[[ DATA FOR THIS EXERCISE open ]]

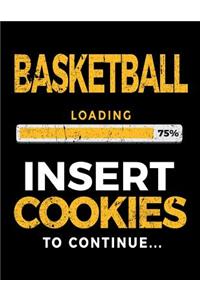 Basketball Loading 75% Insert Cookies To Continue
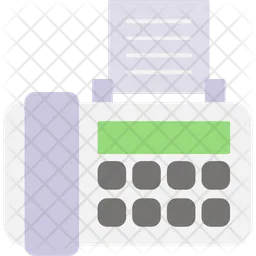 Fax Machine  Icon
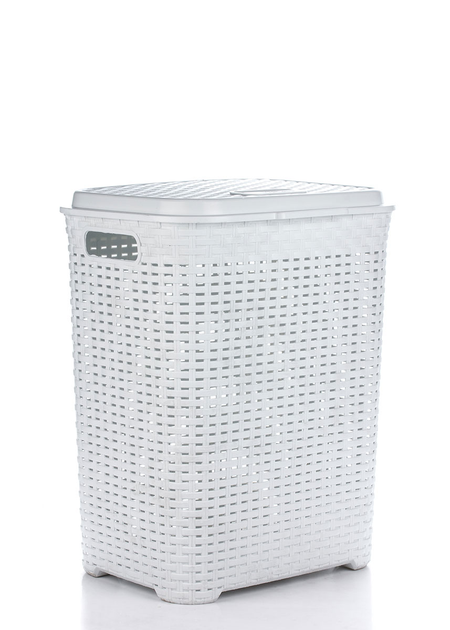 Корзина для белья Violet 45 л Белая 0778-bl от продавца: Big Service RM ...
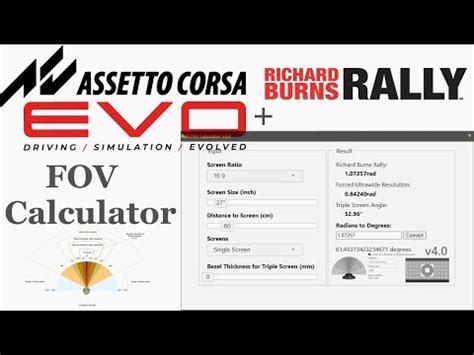 How To Use The Correct Fov For Rbr And Assetto Corsa Youtube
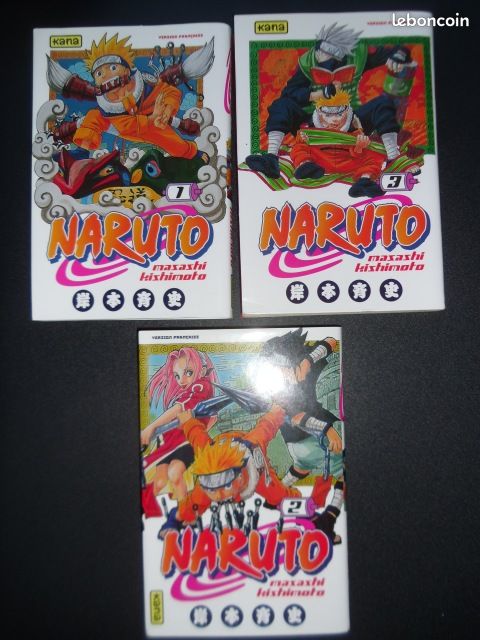 Naruto tomes 1 à 3 (mangas) (image 1)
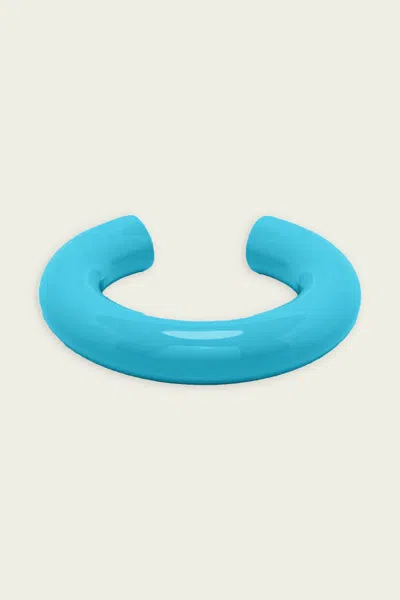 UNCOMMON MATTERS SWELL BANGLE IN SKY BLUE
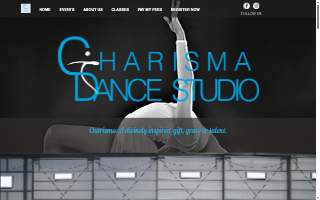 Charisma Dance Studio website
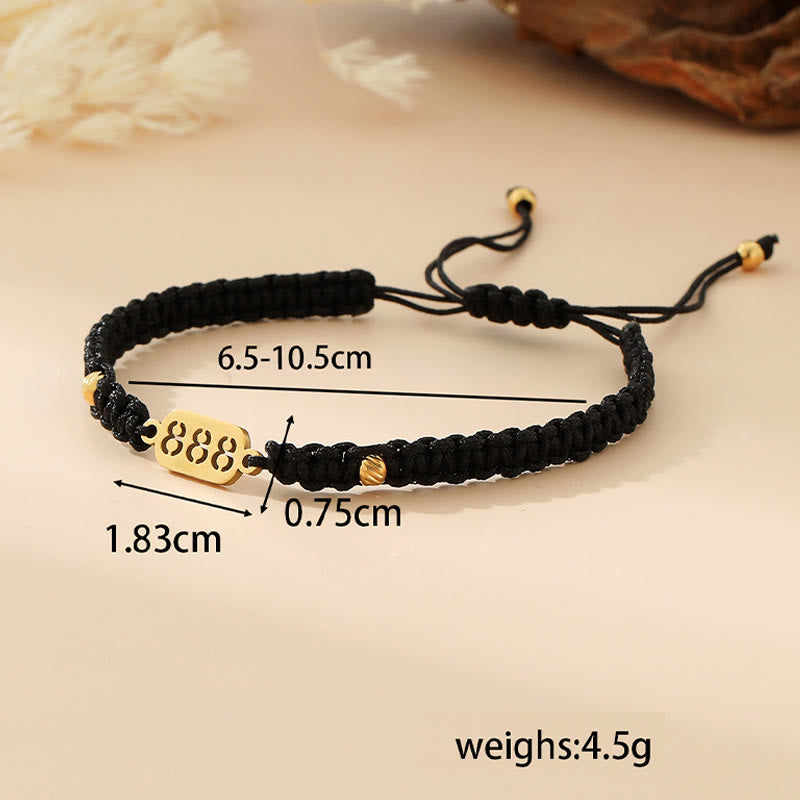 Buddha Stones Angel Numbers Red Black Braided String Connection Bracelet - image 36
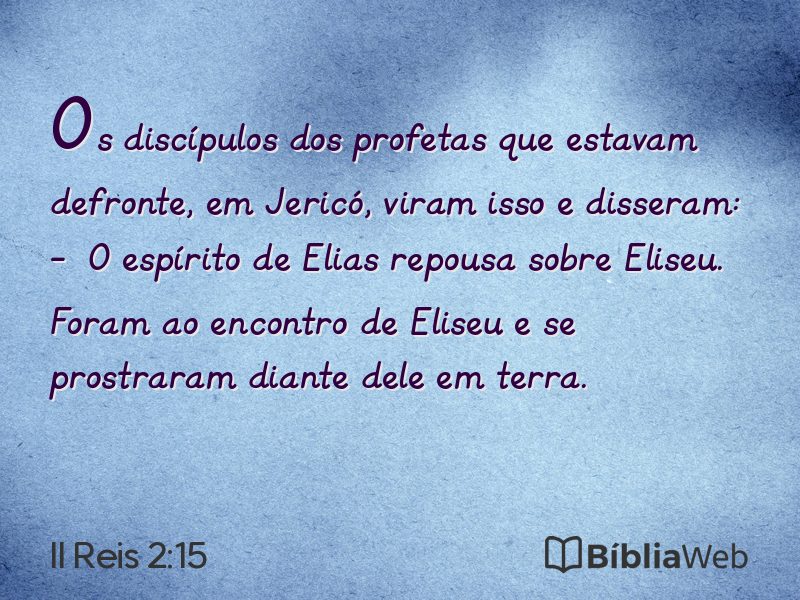 II Reis 2:15 em imagem para compartilhar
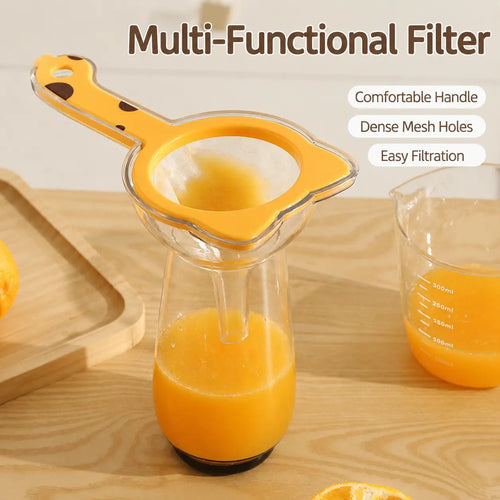 📍Cat Ear Multi-Purpose Funnel & Fine Mesh Strainer – Food-Grade Kitchen Filter for Juices, Liquids & Dry Ingredients
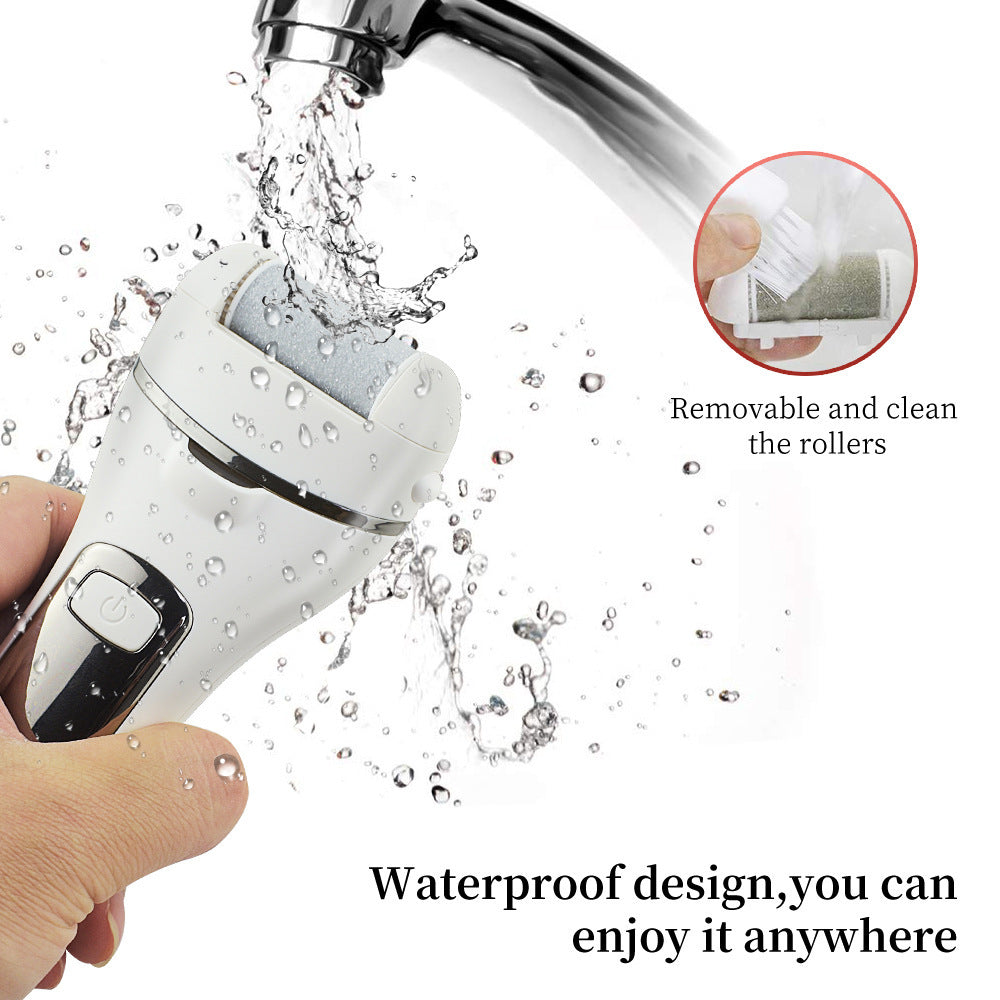 Cross-border electric foot grinder, automatic rechargeable foot skin remover, callus grinding knife, pedicure machine, drop shipping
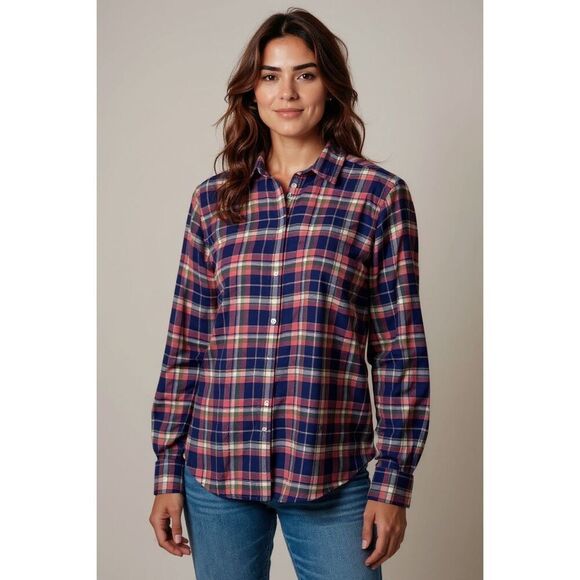UNTUCKit Tops - $130 Untuckit women’s blue plaid brand new size 18 m7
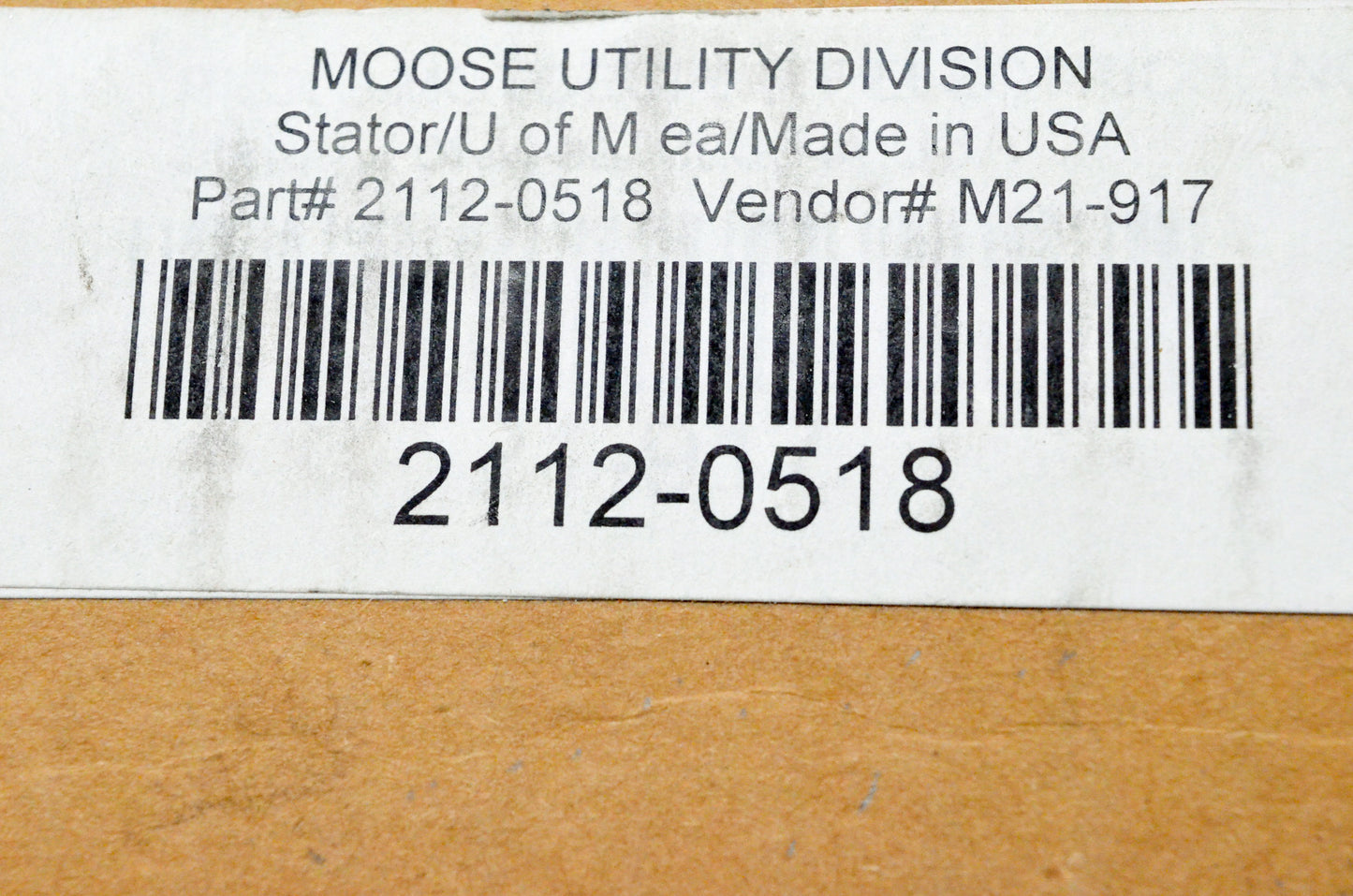 Moose Utility 2112-0518 Stator NOS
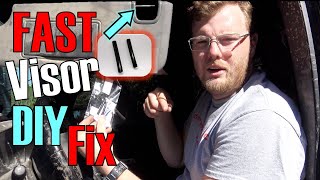 Jeep Wrangler Sun Visor Repair FAST [upl. by Eerpud95]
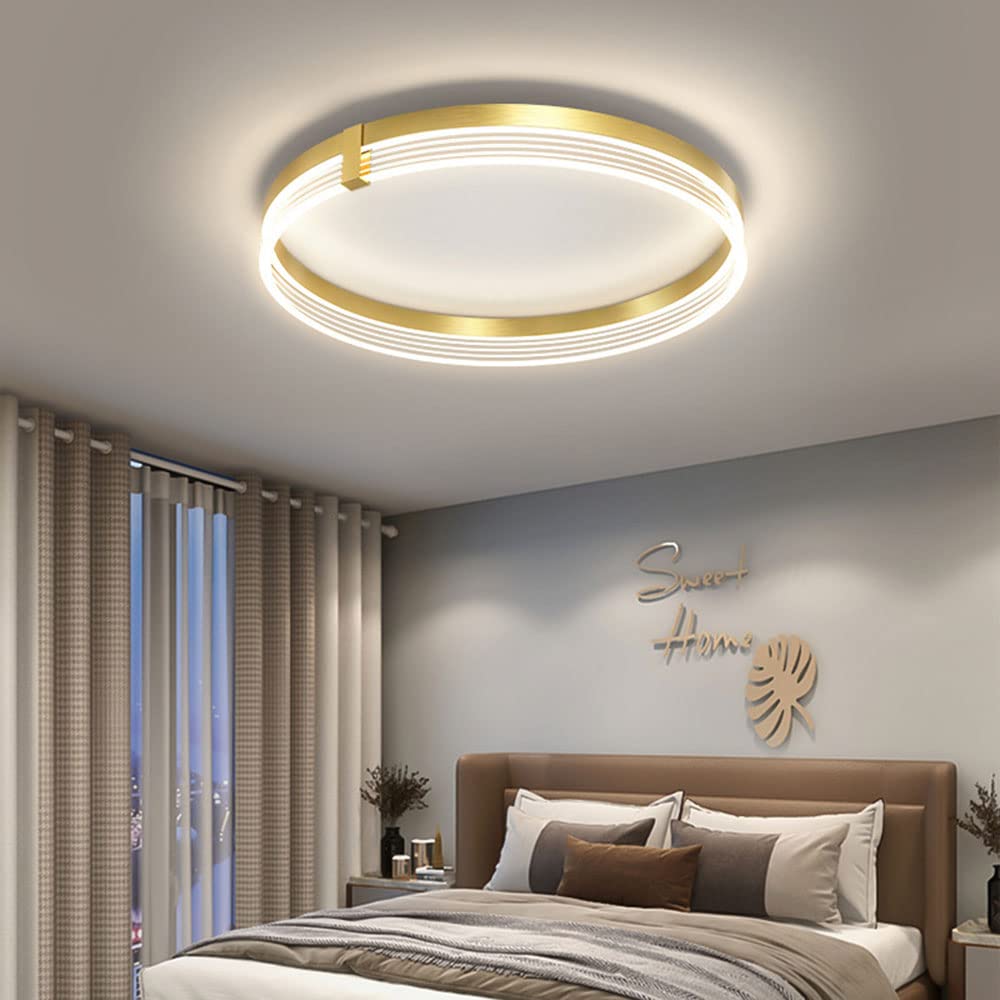 Luxury Flush Mount Ceiling Light - Modern LED Close-to-Ceiling Fixture with Remote Control, Dimmable 3000K-6500K for Living Room, Kitchen, Bedroom | Perfect for Home Lighting & Interior Decor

[[ DATA FOR THIS EXERCISE closed ]]

WHAT TO WORK ON:
Omit the pictures; print the records above exactly.

RESPONSE BELOW:
 Basketball Loading 75% Insert Cookies To Continue
 Fax Machine  Icon
 Корзина для белья Violet 45 л Белая 0778-bl от продавца: Big Service RM ...
 How To Use The Correct Fov For Rbr And Assetto Corsa Youtube
 Naruto tomes 1 à 3 (mangas) (image 1)
 UNCOMMON MATTERS SWELL BANGLE IN SKY BLUE
 Charisma Dance Studio website
 Buddha Stones Angel Numbers Red Black Braided String Connection Bracelet - image 36
 II Reis 2:15 em imagem para compartilhar
 📍Cat Ear Multi-Purpose Funnel & Fine Mesh Strainer – Food-Grade Kitchen Filter for Juices, Liquids & Dry Ingredients
 Cross-border electric foot grinder, automatic rechargeable foot skin remover, callus grinding knife, pedicure machine, drop shipping
UNTUCKit Tops - $130 Untuckit women’s blue plaid brand new size 18 m7
 Moose Utility 2112-0518 Stator NOS
 Jeep Wrangler Sun Visor Repair FAST [upl. by Eerpud95]
 Luxury Flush Mount Ceiling Light - Modern LED Close-to-Ceiling Fixture with Remote Control, Dimmable 3000K-6500K for Living Room, Kitchen, Bedroom | Perfect for Home Lighting & Interior Decor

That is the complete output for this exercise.